Supervisor Persistence

When a supervisor spec is submitted via the POST /druid/indexer/v1/supervisor endpoint, it is persisted in the configured metadata database. There can only be a single supervisor per dataSource, and submitting a second spec for the same dataSource will overwrite the previous one.

When an Overlord gains leadership, either by being started or as a result of another Overlord failing, it will spawn a supervisor for each supervisor spec in the metadata database. The supervisor will then discover running Kafka indexing tasks and will attempt to adopt them if they are compatible with the supervisor’s configuration. If they are not compatible because they have a different ingestion spec or partition allocation, the tasks will be killed and the supervisor will create a new set of tasks.
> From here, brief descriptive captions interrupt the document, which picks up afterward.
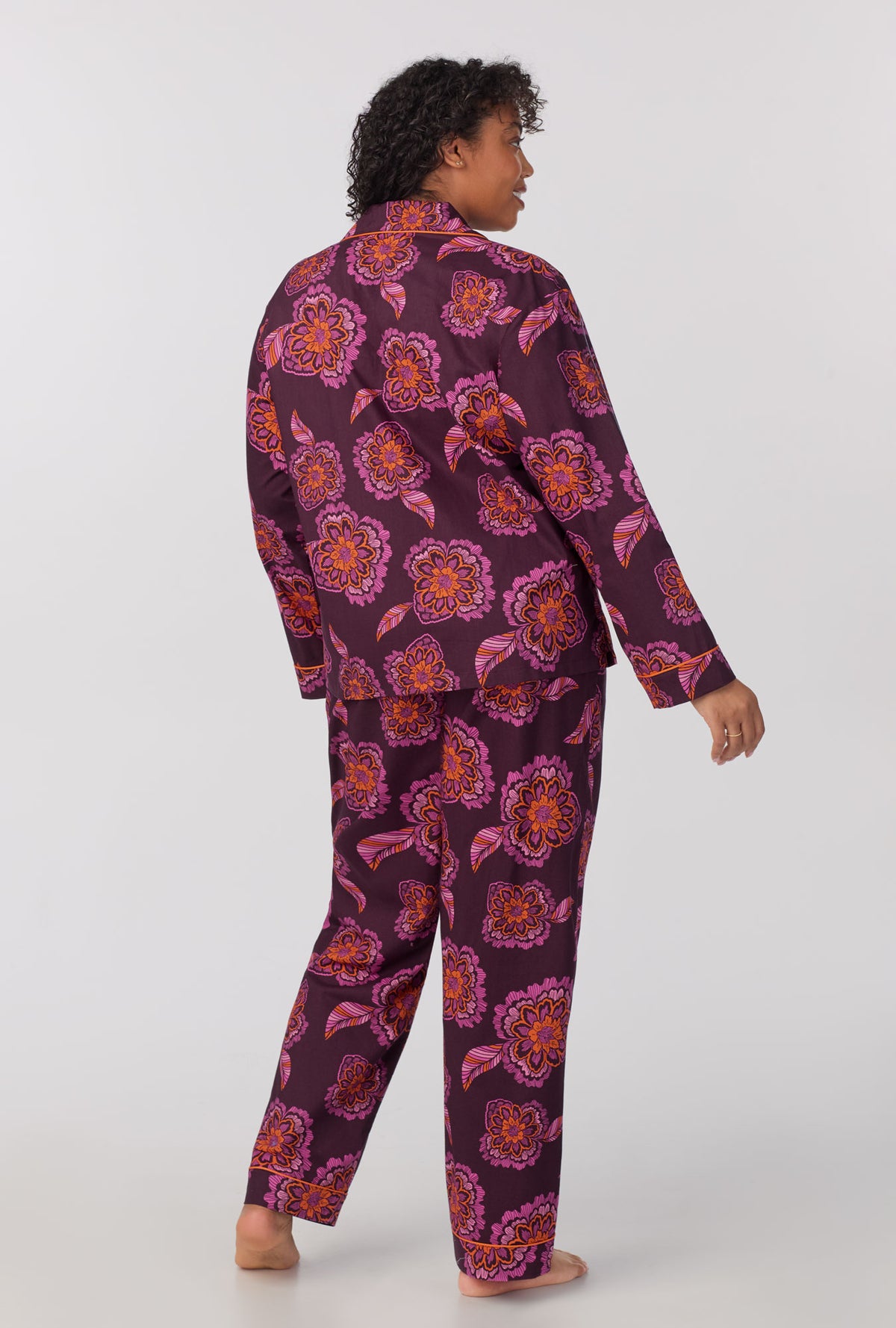 A lady wearing plus size long Sleeve Classic Woven Cotton Poplin PJ Set with African Floral print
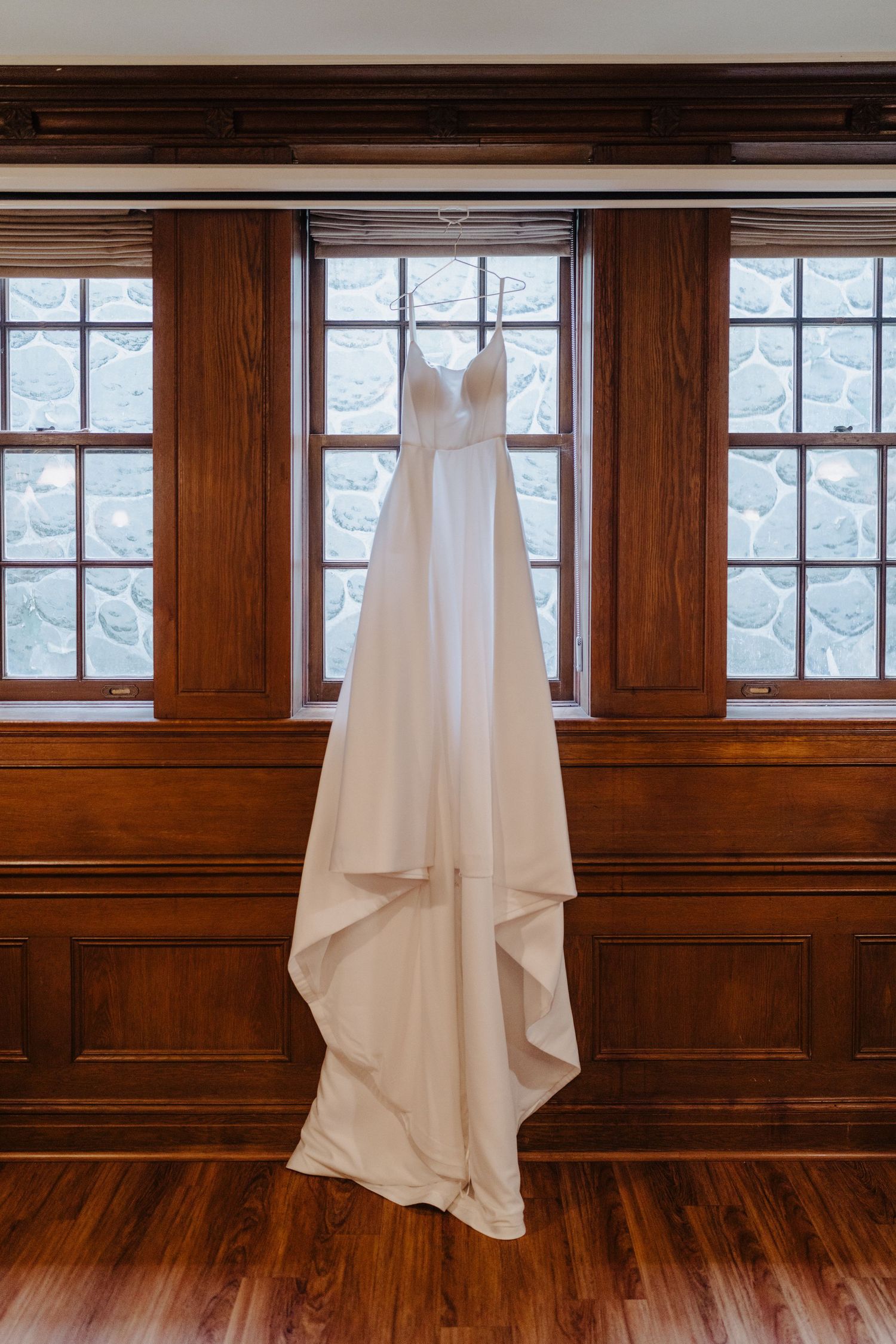 White wedding dress displayed hanging against wooden paneled walls in elegant venue.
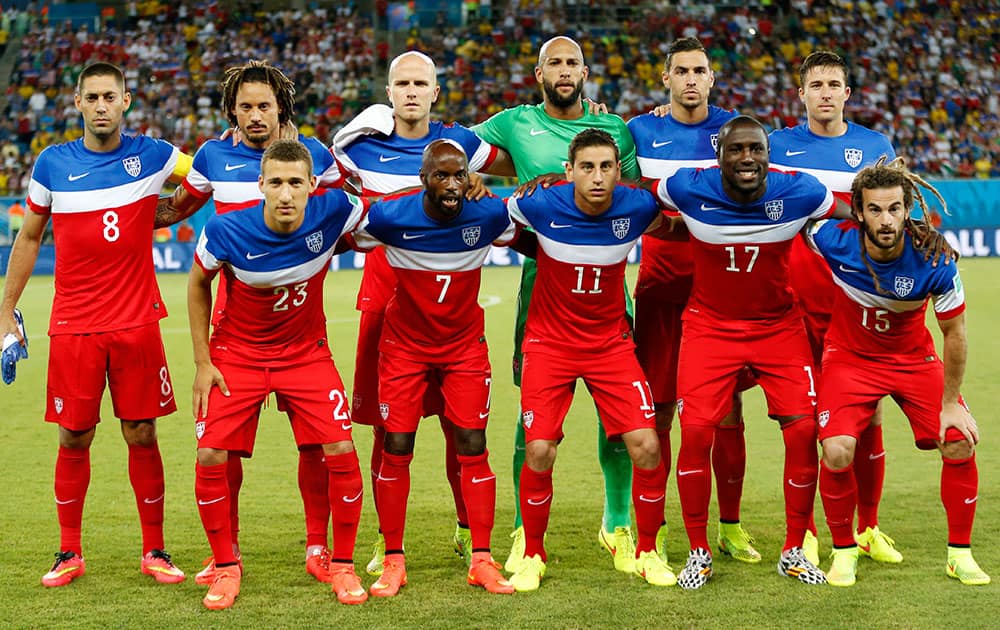 The USA team poses for a photo before the group G World Cup soccer match between Ghana and the United States at the Arena das Dunas in Natal, Brazil.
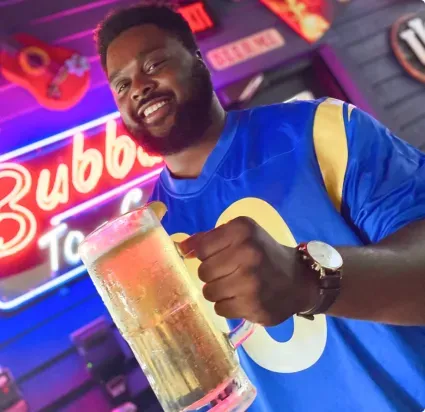 Guy holding a large beer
In this way, the supervisors are persistent across Overlord restarts and fail-overs.

A supervisor is stopped via the POST /druid/indexer/v1/supervisor/<supervisorId>/terminate endpoint. This places a tombstone marker in the database (to prevent the supervisor from being reloaded on a restart) and then gracefully shuts down the currently running supervisor. When a supervisor is shut down in this way, it will instruct its managed tasks to stop reading and begin publishing their segments immediately. The call to the shutdown endpoint will return after all tasks have been signaled to stop but before the tasks finish publishing their segments.

Schema/Configuration Changes

Schema and configuration changes are handled by submitting the new supervisor spec via the same POST /druid/indexer/v1/supervisor endpoint used to initially create the supervisor. The Overlord will initiate a graceful shutdown of the existing supervisor which will cause the tasks being managed by that supervisor to stop reading and begin publishing their segments. A new supervisor will then be started which will create a new set of tasks that will start reading from the offsets where the previous now-publishing tasks left off, but using the updated schema. In this way, configuration changes can be applied without requiring any pause in ingestion.
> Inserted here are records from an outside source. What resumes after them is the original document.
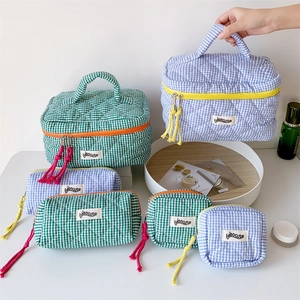 Detailed set of quilted checkered makeup bags with handles and vibrant contrast zippers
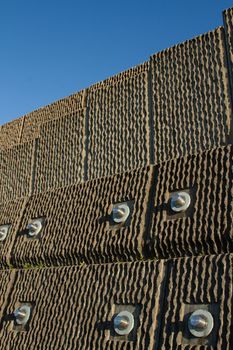 An engineered precast concrete retaining wall with stainless steel reinforcing pins against a blue sky.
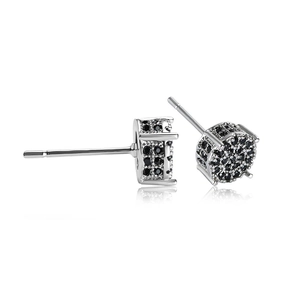 Detailed view of silver stud earrings featuring black round micro-pave cubic zirconia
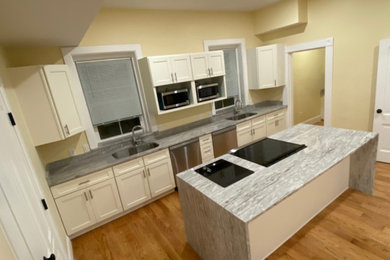 Eat-in kitchen - large eat-in kitchen idea in Boston with an undermount sink, shaker cabinets, beige cabinets, granite countertops, gray backsplash, granite backsplash, stainless steel appliances, an island and gray countertops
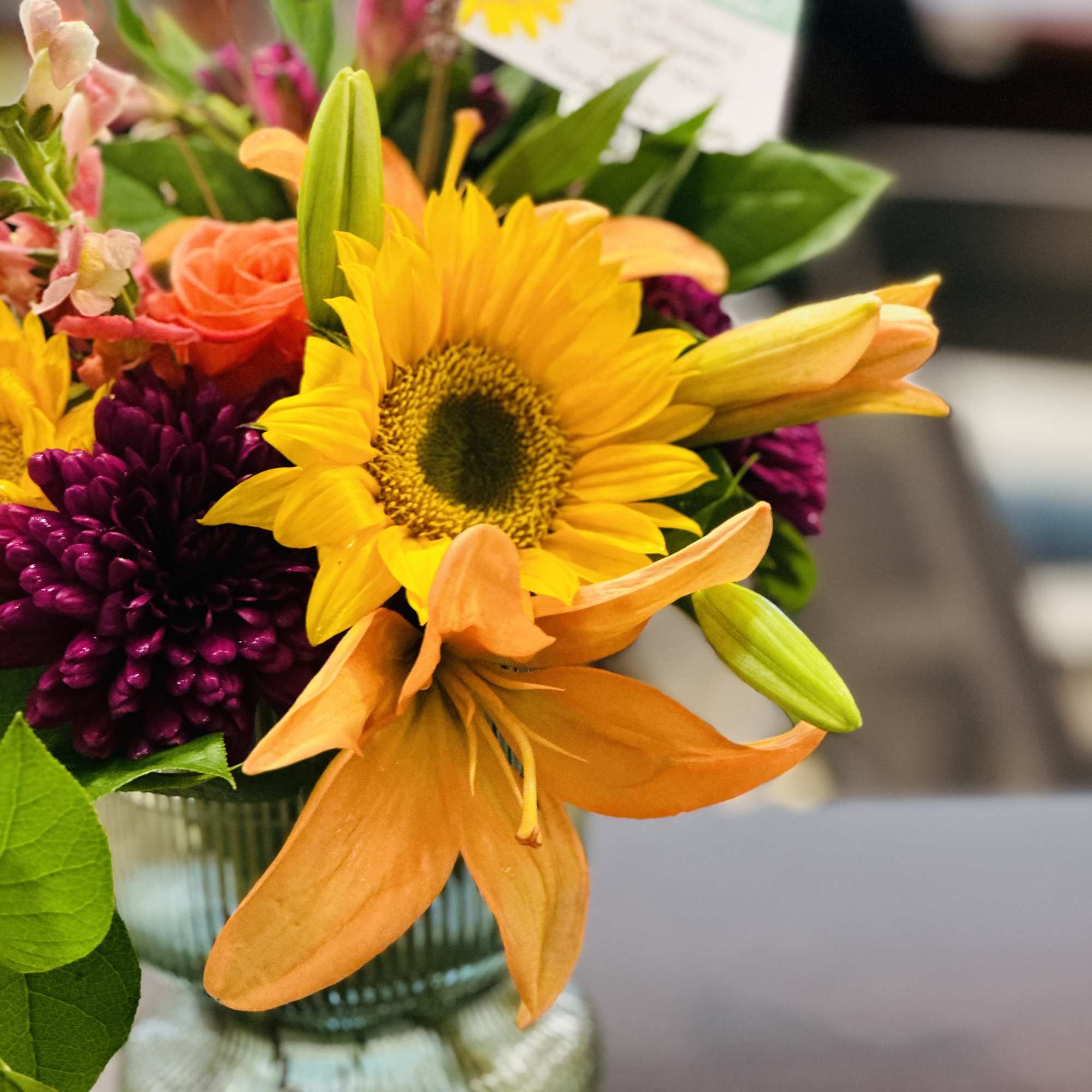 Bouquet with a sunflower, orange lily, and purple blooms in a glass vase
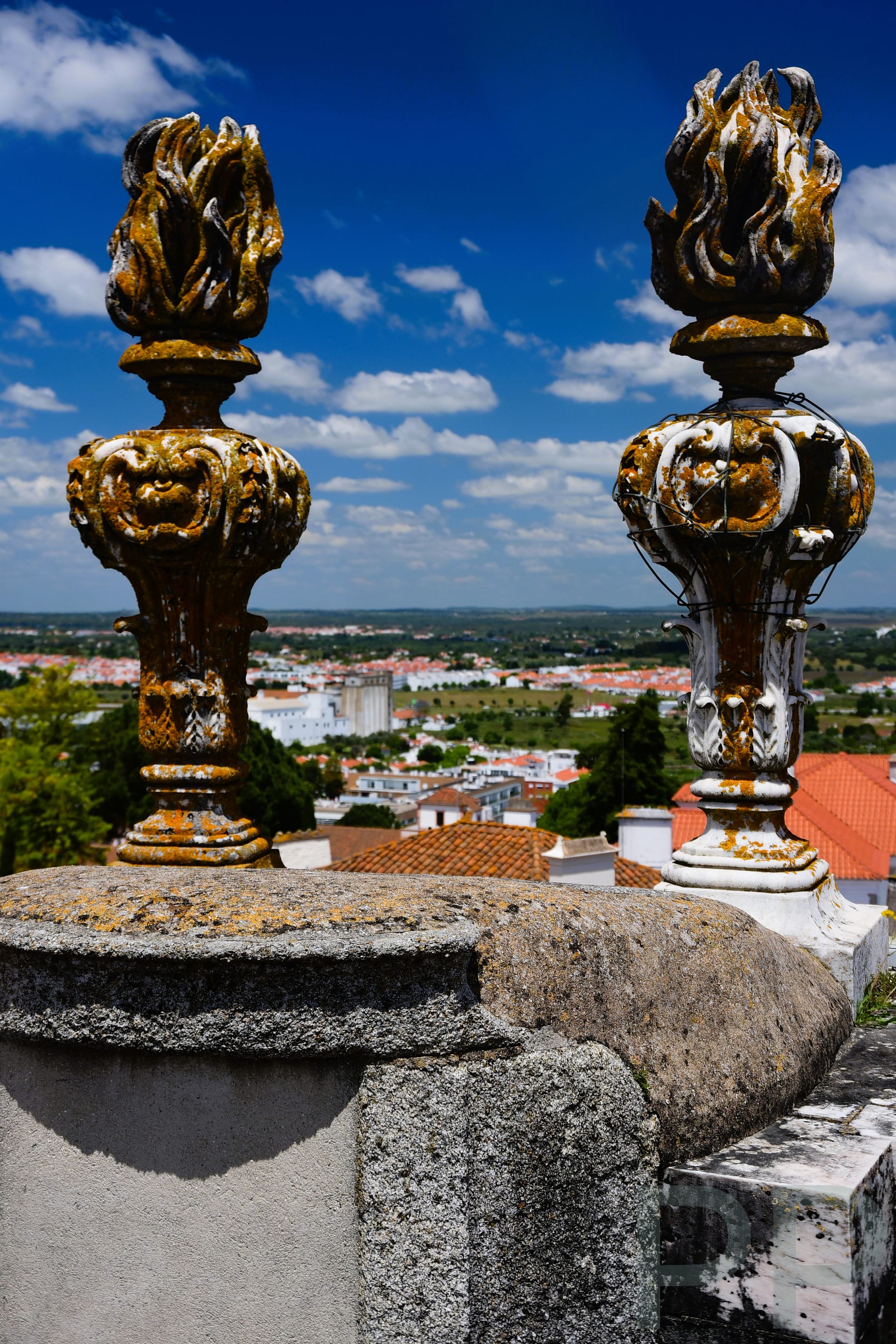Decorative stone finials shaped like flames on the rooftop of Évora Cathedral with views of the city and countryside beyond.
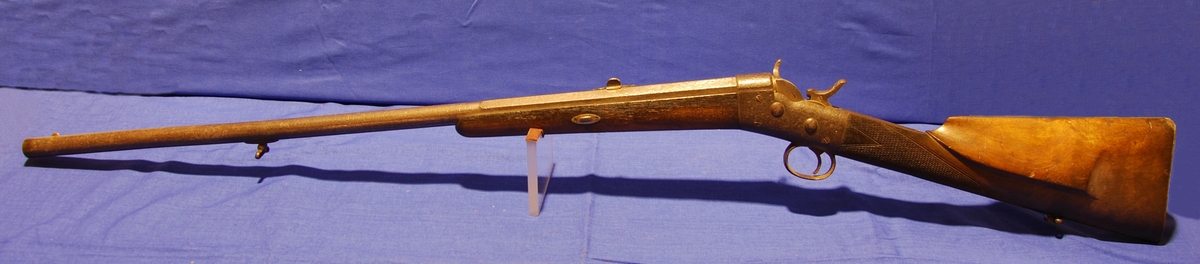 Enkelpipigt hagelgevär av system Remington. Huskvarna modell 12. kaliber: 20, slätborrad pipa. Tillverkningsnummer: 30364 från 1896. Tidig form av stopphane. pipans mynning är skadad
Deployment Notes on Kafka partitions and Druid segments

Druid assigns each Kafka indexing task Kafka partitions. A task writes the events it consumes from Kafka into a single segment for the segment granularity interval until it reaches one of the following: maxRowsPerSegment, maxTotalRows or intermediateHandoffPeriod limit. At this point, the task creates a new partition for this segment granularity to contain subsequent events.

The Kafka Indexing Task also does incremental hand-offs. Therefore segments become available as they are ready and you do not have to wait for all segments until the end of the task duration. When the task reaches one of maxRowsPerSegment, maxTotalRows, or intermediateHandoffPeriod, it hands off all the segments and creates a new new set of segments will be created for further events. This allows the task to run for longer durations without accumulating old segments locally on Middle Manager processes.
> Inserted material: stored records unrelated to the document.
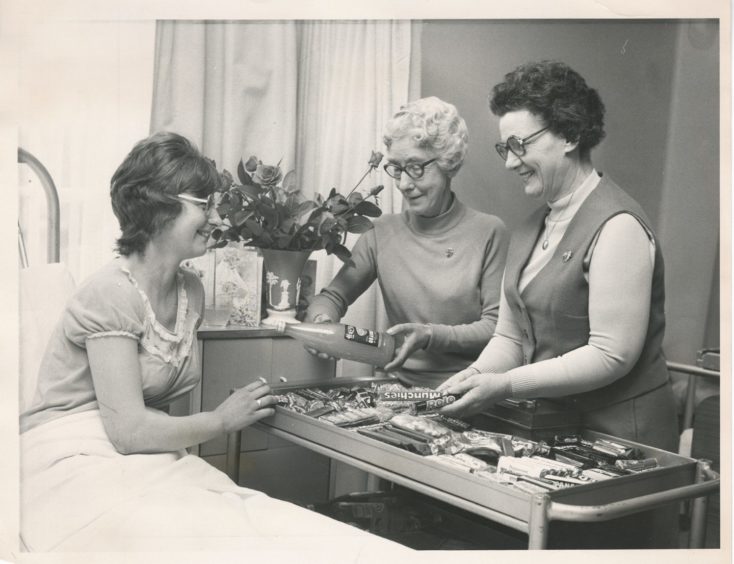 1977: WRVS members Miss Charlotte Grant and Mrs Jean Begg (right) provide a trolley service for patient Mrs Mary Bruce, Mains of Inkhorn, Auchnagatt, in Aberdeen Royal Infirmary maternity unit.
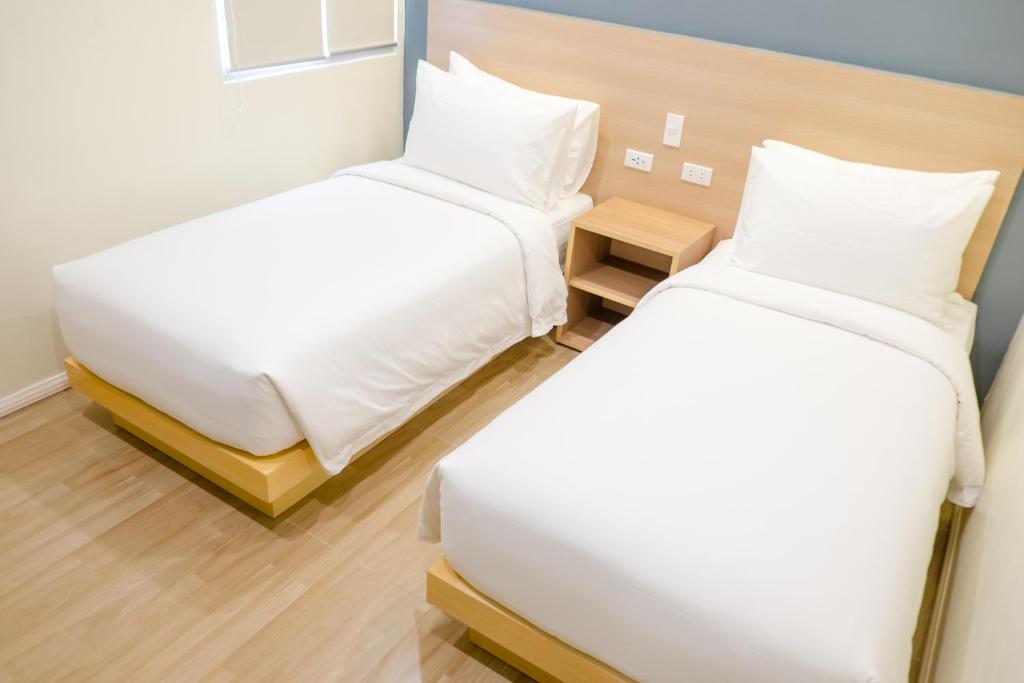 Postel nebo postele na pokoji v ubytování Bridge Hotel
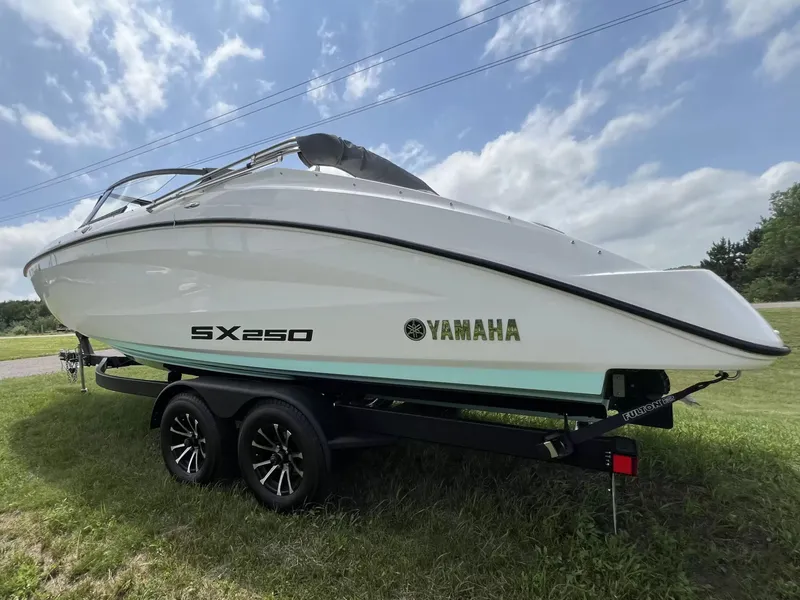 Slide: The Image of A 2023 Yamaha SX250 boat on a trailer, set on grass under a cloudy sky. - 4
The Kafka Indexing Service may still produce some small segments. For example, consider the following scenario:

  • Task duration is 4 hours
  • Segment granularity is set to an HOUR
  • The supervisor was started at 9:10 After 4 hours at 13:10, Druid starts a new set of tasks. The events for the interval 13:00 - 14:00 may be split across existing tasks and the new set of tasks which could result in small segments. To merge them together into new segments of an ideal size (in the range of ~500-700 MB per segment), you can schedule re-indexing tasks, optionally with a different segment granularity.

For more detail, see Segment size optimization. There is also ongoing work to support automatic segment compaction of sharded segments as well as compaction not requiring Hadoop (see here).